CORRESP 17 filename17.htm Alpha Investment Inc




Alpha Investment Inc.

200 East Campus View Blvd., Suite 200

Columbus, OH 43235



June 20, 2018


Via EDGAR


Securities and Exchange Commission

Division of Corporation Finance

Mail Stop 3030

100 “F” Street, N.E.

Washington, D.C. 20549-3629


Attention:  Tom Kluck, Esq.

Joshua Lobert, Esq.

Ms. Becky Chow

Ms. Kristi Marrone


Re: Alpha Investment Inc.

Amendment No. 3 to Registration Statement on Form S-1 (the “Registration Statement”)

Filed April 25, 2018

File No. 333-221183


Ladies and Gentlemen:


In response to the Staff’s comment letter of May 8, 2018 (the “Letter”), Alpha Investment Inc. (the “Company”) hereby files Amendment No. 4 to the Registration Statement on Form S-1, accompanied by Form 10-K/A, Amendment No. 1 to the Company’s Form 10-K for the year ended December 31, 2017 and Form 10-Q/A, Amendment No. 1 to the Company’s Form 10-Q for the quarter ended March 31, 2018.

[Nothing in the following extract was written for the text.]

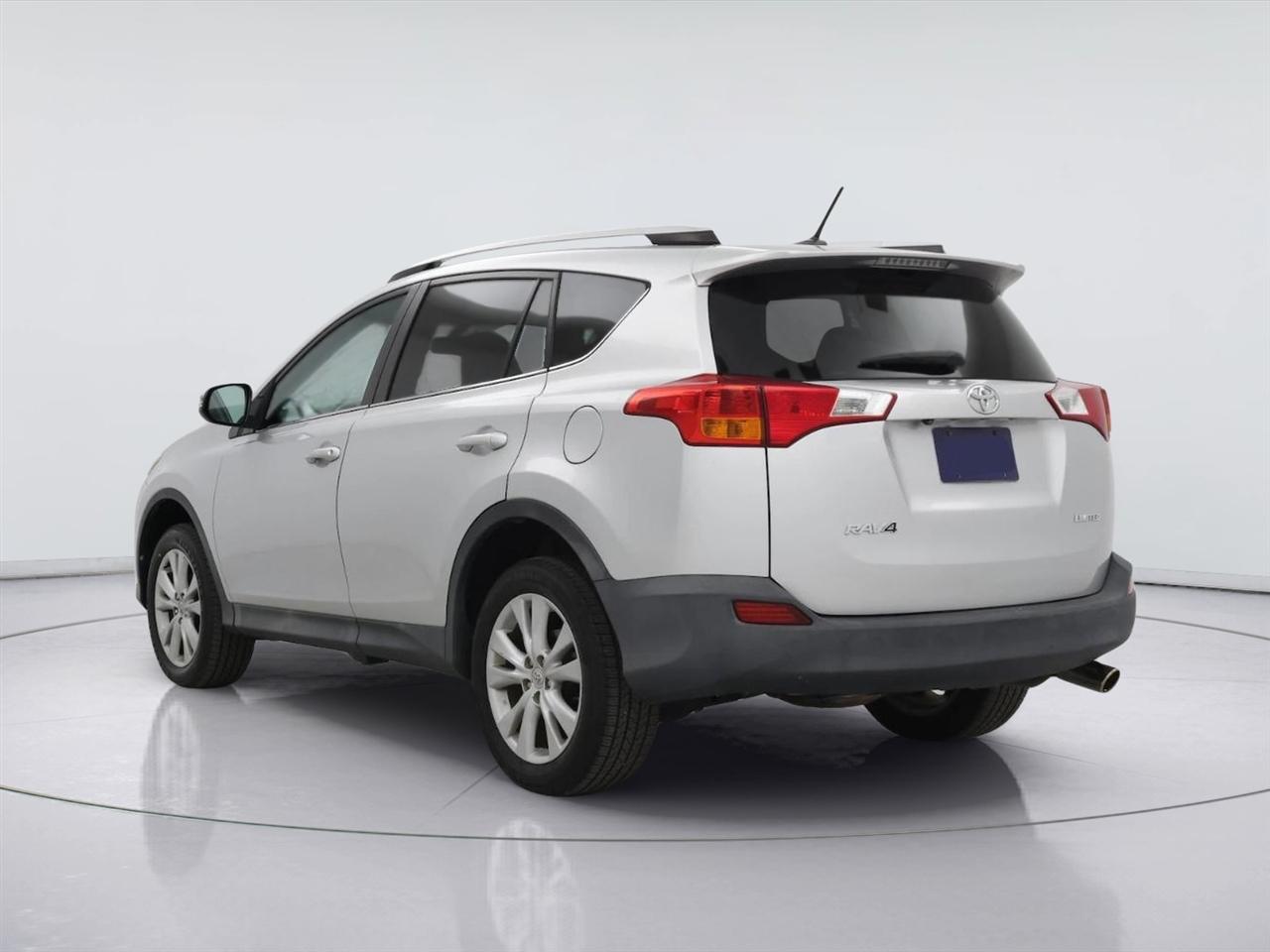 Toyota RAV4 Limited FWD (Natl) 2017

The following sets forth the Company’s response to the comments set forth in the Letter.  For your convenience, the response to each comment follows the comment itself.


General


Comment:


1.

We note that you intend to operate your business in a manner that will permit you to maintain an exemption from registration under the Investment Company Act of 1940, as amended. Please provide us with a supplemental detailed analysis of:


·

the specific exemption that you intend to rely on; and


·

how your investment strategy and business model will support that exemption.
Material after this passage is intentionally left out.